Only the lines from the top of the data through the line with "Luis Díaz fue" should be repeated, each exactly as written.

-------- AVAILABLE RECORDS --------

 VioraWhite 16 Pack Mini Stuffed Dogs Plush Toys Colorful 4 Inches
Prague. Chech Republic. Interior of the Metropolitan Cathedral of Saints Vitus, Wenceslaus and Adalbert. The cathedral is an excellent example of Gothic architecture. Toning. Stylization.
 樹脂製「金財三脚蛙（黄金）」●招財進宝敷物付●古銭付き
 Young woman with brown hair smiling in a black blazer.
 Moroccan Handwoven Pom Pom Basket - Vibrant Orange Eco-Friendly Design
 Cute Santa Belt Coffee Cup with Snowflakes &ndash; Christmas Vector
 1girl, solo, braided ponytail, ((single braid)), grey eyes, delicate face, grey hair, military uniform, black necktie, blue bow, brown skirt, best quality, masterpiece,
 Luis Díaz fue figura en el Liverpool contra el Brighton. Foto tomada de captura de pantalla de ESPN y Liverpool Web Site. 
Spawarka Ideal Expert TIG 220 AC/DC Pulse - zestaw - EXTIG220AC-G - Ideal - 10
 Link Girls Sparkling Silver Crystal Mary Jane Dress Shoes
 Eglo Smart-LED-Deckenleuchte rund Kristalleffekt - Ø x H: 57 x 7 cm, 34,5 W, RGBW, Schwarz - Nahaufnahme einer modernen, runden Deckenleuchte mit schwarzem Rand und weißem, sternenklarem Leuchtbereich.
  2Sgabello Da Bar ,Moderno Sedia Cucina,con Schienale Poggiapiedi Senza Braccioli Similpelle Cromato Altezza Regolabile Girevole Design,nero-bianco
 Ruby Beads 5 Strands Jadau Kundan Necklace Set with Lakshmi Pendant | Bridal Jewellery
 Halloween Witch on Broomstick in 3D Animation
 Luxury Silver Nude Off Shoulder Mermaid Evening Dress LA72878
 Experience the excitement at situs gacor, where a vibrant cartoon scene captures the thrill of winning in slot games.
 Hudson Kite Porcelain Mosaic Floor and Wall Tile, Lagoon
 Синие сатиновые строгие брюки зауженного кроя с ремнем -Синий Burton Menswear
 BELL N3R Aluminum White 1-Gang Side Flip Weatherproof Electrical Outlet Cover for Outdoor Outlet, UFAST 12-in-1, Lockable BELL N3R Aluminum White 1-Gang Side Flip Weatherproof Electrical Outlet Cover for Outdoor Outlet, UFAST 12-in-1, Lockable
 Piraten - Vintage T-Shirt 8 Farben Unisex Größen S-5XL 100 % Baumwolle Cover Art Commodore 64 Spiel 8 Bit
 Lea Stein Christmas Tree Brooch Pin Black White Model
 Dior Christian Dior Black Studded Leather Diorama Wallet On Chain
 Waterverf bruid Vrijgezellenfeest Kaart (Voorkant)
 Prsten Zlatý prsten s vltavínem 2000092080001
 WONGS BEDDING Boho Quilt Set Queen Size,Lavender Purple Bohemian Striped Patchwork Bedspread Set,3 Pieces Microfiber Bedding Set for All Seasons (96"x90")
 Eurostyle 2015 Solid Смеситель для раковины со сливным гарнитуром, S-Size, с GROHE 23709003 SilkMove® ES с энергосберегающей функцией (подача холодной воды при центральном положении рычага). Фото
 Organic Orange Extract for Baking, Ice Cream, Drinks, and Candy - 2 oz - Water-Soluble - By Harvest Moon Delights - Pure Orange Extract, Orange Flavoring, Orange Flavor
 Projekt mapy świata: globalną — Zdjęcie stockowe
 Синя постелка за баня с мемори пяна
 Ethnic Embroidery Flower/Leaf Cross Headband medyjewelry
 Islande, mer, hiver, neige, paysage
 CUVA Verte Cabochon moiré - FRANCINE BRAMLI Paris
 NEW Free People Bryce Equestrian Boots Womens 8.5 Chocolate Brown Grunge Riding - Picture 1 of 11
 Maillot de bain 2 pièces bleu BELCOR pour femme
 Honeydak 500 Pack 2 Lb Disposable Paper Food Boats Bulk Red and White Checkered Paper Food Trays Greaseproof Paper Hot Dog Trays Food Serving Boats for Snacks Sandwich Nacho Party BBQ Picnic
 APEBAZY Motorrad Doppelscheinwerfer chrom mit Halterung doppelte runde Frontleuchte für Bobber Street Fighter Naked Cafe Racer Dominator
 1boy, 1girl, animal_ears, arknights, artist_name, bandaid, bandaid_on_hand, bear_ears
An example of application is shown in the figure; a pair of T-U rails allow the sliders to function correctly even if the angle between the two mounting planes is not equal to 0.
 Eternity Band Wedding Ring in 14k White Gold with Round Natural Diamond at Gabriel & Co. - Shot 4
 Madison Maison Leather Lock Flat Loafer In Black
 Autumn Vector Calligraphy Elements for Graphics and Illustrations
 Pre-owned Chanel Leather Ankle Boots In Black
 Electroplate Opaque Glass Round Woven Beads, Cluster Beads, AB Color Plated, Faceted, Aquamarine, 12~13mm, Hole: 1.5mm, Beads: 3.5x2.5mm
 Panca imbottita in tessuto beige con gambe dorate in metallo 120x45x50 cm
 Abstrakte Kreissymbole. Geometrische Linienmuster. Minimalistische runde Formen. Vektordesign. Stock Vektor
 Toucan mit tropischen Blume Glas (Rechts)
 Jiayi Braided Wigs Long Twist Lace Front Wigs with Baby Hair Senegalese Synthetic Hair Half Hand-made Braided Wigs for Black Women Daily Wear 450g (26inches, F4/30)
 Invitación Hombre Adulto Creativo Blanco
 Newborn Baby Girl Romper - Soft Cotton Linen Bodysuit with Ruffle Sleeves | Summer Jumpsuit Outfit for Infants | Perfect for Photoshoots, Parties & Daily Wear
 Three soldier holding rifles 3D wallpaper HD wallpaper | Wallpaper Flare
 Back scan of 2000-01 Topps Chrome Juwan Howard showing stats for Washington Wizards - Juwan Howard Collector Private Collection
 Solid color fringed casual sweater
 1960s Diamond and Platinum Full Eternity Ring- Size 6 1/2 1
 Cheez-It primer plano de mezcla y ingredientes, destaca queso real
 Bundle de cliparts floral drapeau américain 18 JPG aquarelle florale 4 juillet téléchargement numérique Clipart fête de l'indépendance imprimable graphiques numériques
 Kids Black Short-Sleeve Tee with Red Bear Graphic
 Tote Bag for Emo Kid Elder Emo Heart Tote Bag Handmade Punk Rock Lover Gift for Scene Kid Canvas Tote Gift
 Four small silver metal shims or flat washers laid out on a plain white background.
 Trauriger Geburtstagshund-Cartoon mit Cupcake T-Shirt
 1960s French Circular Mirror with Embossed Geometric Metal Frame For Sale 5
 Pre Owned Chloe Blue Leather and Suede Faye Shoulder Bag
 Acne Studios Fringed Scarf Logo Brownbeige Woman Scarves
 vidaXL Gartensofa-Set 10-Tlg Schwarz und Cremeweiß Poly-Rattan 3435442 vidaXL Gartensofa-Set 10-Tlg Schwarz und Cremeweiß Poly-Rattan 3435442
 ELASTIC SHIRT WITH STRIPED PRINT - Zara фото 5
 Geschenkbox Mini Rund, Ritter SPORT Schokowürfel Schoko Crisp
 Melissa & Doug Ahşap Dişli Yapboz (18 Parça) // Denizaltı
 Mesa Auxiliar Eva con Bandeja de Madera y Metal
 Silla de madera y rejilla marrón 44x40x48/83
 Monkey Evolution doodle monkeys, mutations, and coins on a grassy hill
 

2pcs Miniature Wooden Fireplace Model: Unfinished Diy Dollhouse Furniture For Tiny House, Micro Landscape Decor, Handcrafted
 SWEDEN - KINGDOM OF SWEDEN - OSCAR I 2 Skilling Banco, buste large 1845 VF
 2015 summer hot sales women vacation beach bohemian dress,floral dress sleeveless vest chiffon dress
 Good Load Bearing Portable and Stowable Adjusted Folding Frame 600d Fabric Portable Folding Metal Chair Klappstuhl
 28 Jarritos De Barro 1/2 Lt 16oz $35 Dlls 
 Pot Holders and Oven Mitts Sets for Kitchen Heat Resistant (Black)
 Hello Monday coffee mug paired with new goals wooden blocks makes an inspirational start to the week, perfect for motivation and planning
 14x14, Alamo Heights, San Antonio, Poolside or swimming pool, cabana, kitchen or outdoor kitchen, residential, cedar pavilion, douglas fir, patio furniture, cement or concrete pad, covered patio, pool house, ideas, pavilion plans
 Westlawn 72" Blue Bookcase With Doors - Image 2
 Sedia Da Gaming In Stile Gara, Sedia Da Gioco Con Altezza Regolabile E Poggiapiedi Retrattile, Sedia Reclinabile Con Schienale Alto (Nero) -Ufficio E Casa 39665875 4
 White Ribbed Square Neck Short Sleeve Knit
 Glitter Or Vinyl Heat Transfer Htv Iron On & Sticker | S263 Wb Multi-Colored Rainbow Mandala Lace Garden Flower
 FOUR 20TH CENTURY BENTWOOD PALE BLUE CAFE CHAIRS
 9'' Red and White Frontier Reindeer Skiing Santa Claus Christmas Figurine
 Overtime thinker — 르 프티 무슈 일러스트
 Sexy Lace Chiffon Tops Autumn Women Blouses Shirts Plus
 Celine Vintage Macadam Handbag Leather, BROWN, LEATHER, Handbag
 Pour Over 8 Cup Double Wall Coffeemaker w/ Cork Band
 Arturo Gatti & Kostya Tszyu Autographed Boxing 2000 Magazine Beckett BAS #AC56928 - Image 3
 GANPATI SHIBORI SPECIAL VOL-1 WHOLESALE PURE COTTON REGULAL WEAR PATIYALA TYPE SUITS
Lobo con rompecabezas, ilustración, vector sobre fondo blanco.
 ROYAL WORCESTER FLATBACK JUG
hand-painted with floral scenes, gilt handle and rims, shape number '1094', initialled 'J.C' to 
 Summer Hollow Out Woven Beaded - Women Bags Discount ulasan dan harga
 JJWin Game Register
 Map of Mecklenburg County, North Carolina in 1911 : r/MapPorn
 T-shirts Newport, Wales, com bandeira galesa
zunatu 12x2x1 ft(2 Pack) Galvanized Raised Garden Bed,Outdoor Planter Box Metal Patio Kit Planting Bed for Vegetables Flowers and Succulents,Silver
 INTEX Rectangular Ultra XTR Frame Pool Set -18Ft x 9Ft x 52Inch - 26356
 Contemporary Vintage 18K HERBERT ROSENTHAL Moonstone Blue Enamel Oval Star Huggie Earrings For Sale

--------

#### ANSWER BOX:
 VioraWhite 16 Pack Mini Stuffed Dogs Plush Toys Colorful 4 Inches
Prague. Chech Republic. Interior of the Metropolitan Cathedral of Saints Vitus, Wenceslaus and Adalbert. The cathedral is an excellent example of Gothic architecture. Toning. Stylization.
 樹脂製「金財三脚蛙（黄金）」●招財進宝敷物付●古銭付き
 Young woman with brown hair smiling in a black blazer.
 Moroccan Handwoven Pom Pom Basket - Vibrant Orange Eco-Friendly Design
 Cute Santa Belt Coffee Cup with Snowflakes &ndash; Christmas Vector
 1girl, solo, braided ponytail, ((single braid)), grey eyes, delicate face, grey hair, military uniform, black necktie, blue bow, brown skirt, best quality, masterpiece,
 Luis Díaz fue figura en el Liverpool contra el Brighton. Foto tomada de captura de pantalla de ESPN y Liverpool Web Site. 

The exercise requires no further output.